Have you ever loved someone/something so much that it made you cry? I spend hours just staring at Zayne; watching him play, watching him sleep, watching him eat... Maybe I'm still in awe that he's actually here. I don't know. What I do know is that he is the most perfect little person, and I love him with my whole heart.
I think I'm finally getting the hang of this "mommy" thing! It's really not a hard job tho. He's such a good baby! I'm guessing that because he's such a happy baby, our next kid will probably be a terror! ;)
So much has happened since my last post. I went back to work just before Christmas, and I really thought I was dying when I left Zayne at home. I'm glad I had a commute, because it took a bit to stop the tears once I walked out the door. Brian was home with him most days, but we had a couple girls come babysit when B was at work. They even said that Zayne was the best baby they've ever watched! That made me feel awesome, but of course, I already knew that he was the best! ;) As hard as it is to leave him every morning, his big smile when I get home is the best part of my day.

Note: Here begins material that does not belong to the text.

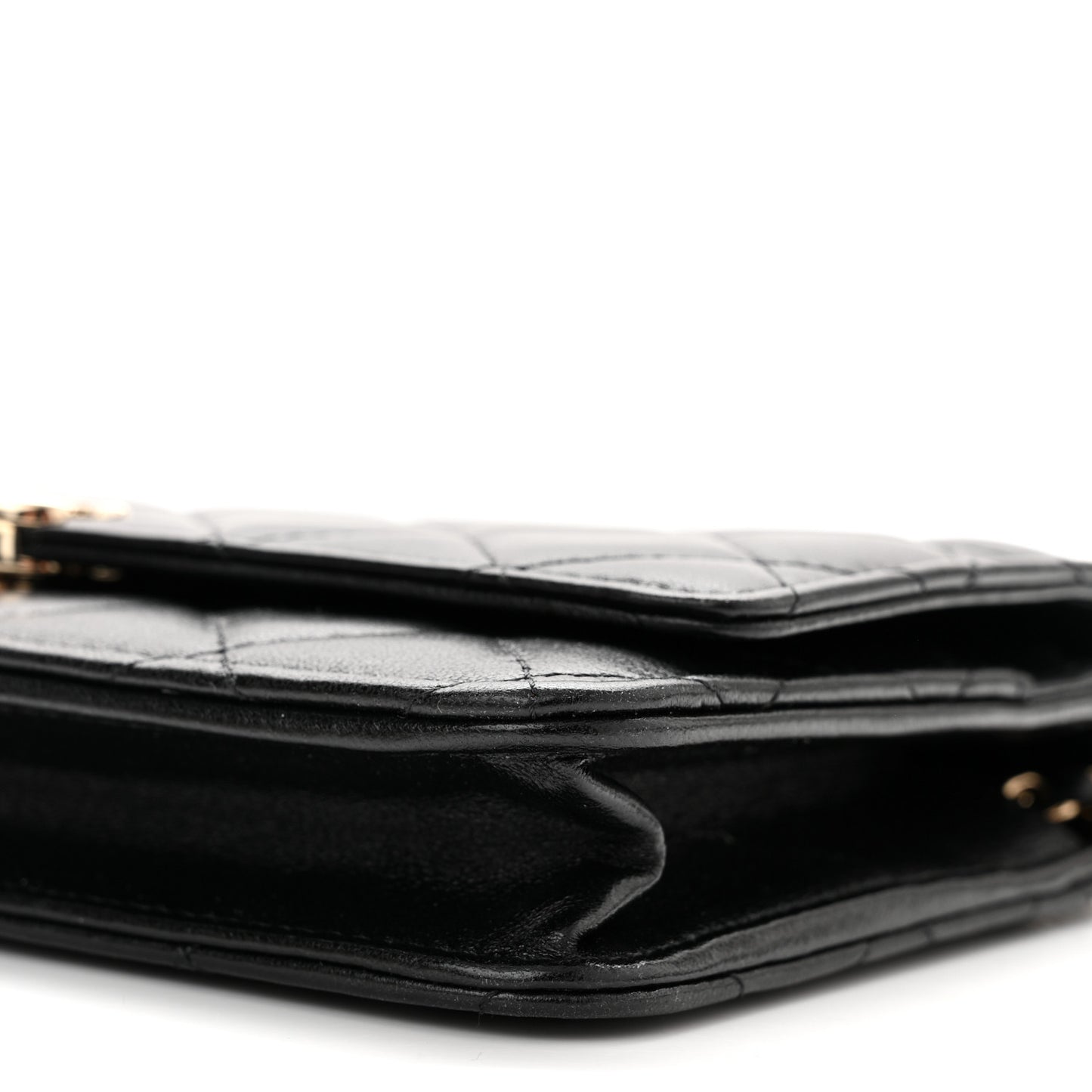 Lambskin Quilted Top Handle Wallet On Chain WOC Black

Zayne's first Christmas was an awesome day. He is definitely spoiled! He had so many presents to open that he had to stop and eat and have a nap midway through opening them all. He got a lot of books, and he loves to have stories read to him. I try to read to him at bedtime, but anytime he's eating is a good time to read. (He gets kind of spazzy sometimes when he's eating, but reading seems to calm him a bit.) He also loves toys that light up and make noise. He got one toy that has a little piano keyboard on it, and he absolutely loves it. He will sit against one of us and kick at the keyboard to make it play, and he just laughs and smiles like it's the best thing in the world. He's just starting to reach for it with his hands. Maybe he'll be a musician like his momma some day!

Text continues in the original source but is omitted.